Ultimate 2023 Guide to Snowflake Interview Mastery: 100+ Essential Questions & Answers for Both Novices and Experienced Professionals(Part:-1)
Snowflake has emerged as a leading cloud-based platform for storing, processing and analyzing large volumes of structured and semi-structured data. As a result, many companies are seeking to hire experienced Snowflake professionals to help manage and optimize their data operations.
If you are preparing for a Snowflake interview, it is essential to be familiar with the key concepts and features of the platform. In this post, we will cover the top 100 Snowflake interview questions and answers to help you prepare for your next interview.
1. What’s unique about snowflake architecture? How snowflake architecture is different from traditional databases (RDBMS like SQL Server, Oracle, My SQL)?
Snowflake is a cloud-based data warehousing platform that enables organizations to store, process, and analyze large volumes of structured and semi-structured data in real time. It differs from traditional data warehousing solutions in that it is built on a scalable, elastic, and multi-cluster architecture that allows it to handle massive data sets with ease using Cloud Computing technologies.
Snowflake has a three-layer architecture
Storage layer => that stores data in hybrid columnar format and saved it in the cloud
Query Processing => Virtual Warehouse to run queries/for compute resources (muscle)

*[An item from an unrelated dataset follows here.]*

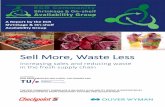 Sell More, Waste Less - Ecr Shrink Group · 2017. 10. 15. · Sell More, Waste Less . JANUARY 2016 . Preface . It is with great pleasure that we are able to present this report the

Cloud Services => brain of snowflake architecture coordinates between storage and query processing layers
2. Why go with Snowflake instead of other Cloud Data warehouses like AWS Redshift, Azure Synapse, and Google Big Query?

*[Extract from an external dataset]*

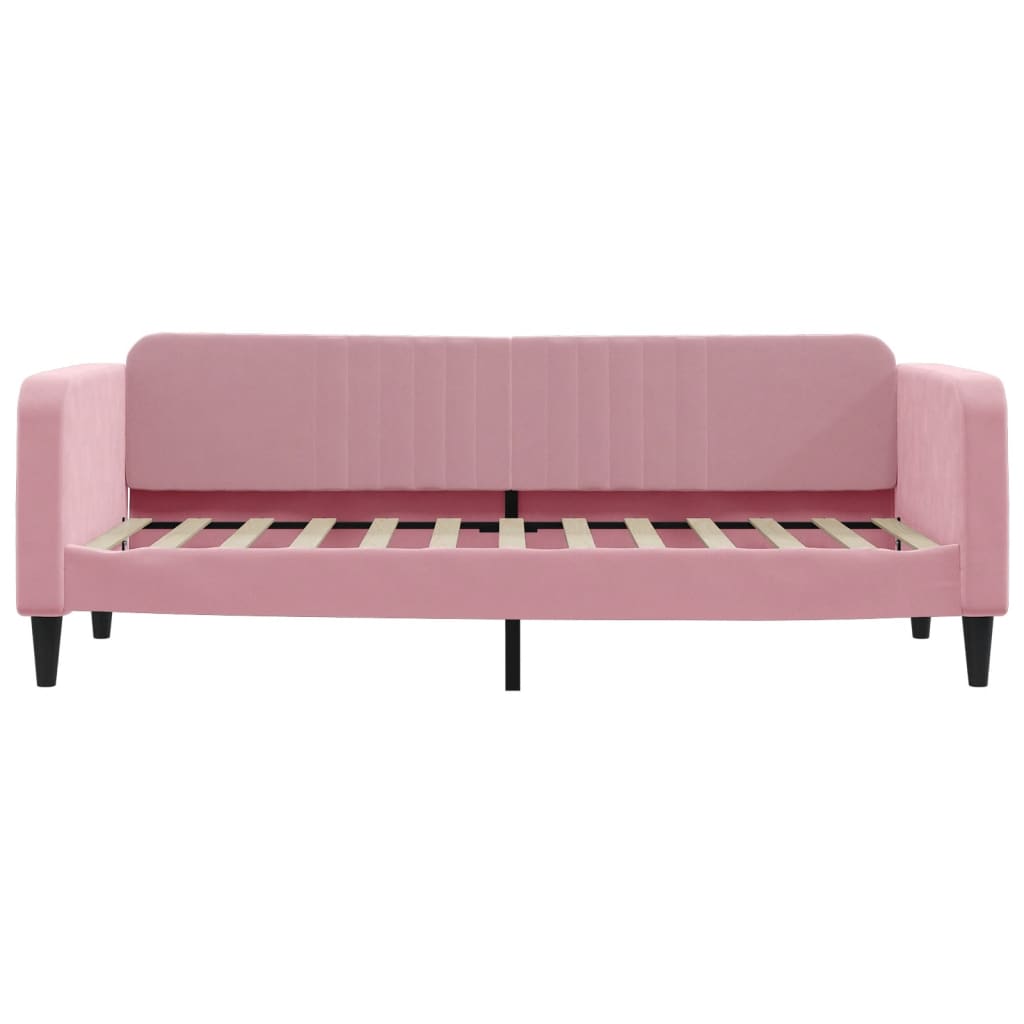 Dagbädd rosa 80x200 cm sammet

- Snowflake is available on all cloud platforms like AWS, Azure and GCP (Multi-cloud). Other cloud Data warehouses were restricted to that one cloud example: Redshift will be available in only AWS, and Big Query will be available in GCP.

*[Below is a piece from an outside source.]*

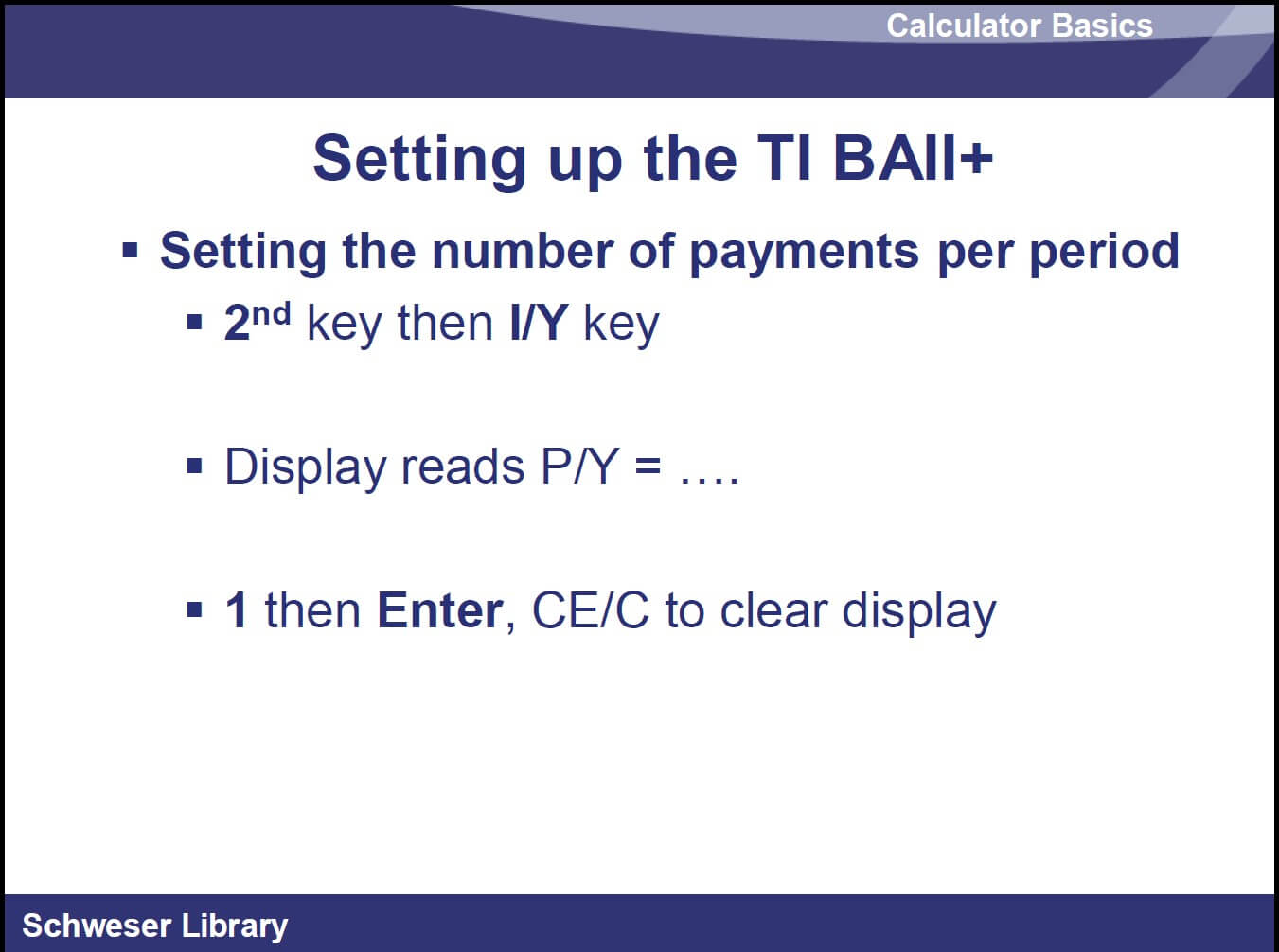 Setting the number of payments per period on the TI BAII+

- Unique features like Data Market place, Data Exchange, Zero Copy Clone, Time travel, Data sharing, Streams for CDC
- Separate Storage and compute costs, Zero Administration/Maintenance (partitioning, data backups, index maintenance, and performance tuning will be taken care of by Snowflake itself).
- No software or hardware is required to be installed or upgraded as Snowflake is SaaS (Software as a service) whereas Synapse and BigQuery are PaaS (Platform as a service)
3. What is Virtual Warehouse?
To perform any operations, we require resources. In Snowflake, these resources are called virtual warehouses.
A virtual warehouse is a cluster of compute nodes/machines
A cluster is a group of nodes/machines connected together
Compute Resources is a combination of CPU + Memory+ Temporary storage
4. Different sizes of warehouses?
XS(1) will have one compute node/machines
S(2) will have 2 compute nodes, M(4), L(8), XL(16), 2XL(32), 3XL(64), 4XL(128) — generally available
5XL(256) and 6 XL(512) are in preview state
5. When we create a warehouse from UI, What is the default warehouse size?
XL(16) is the default warehouse size when created from UI
6. When we create a warehouse in the worksheet, what is the default warehouse size?
XS(1) is the default warehouse size when created in a worksheet
7. What is the default Auto suspend time in a Warehouse?
10 minutes is the default auto-suspend time in a warehouse
8. What is Auto Resume in Virtual Warehouse?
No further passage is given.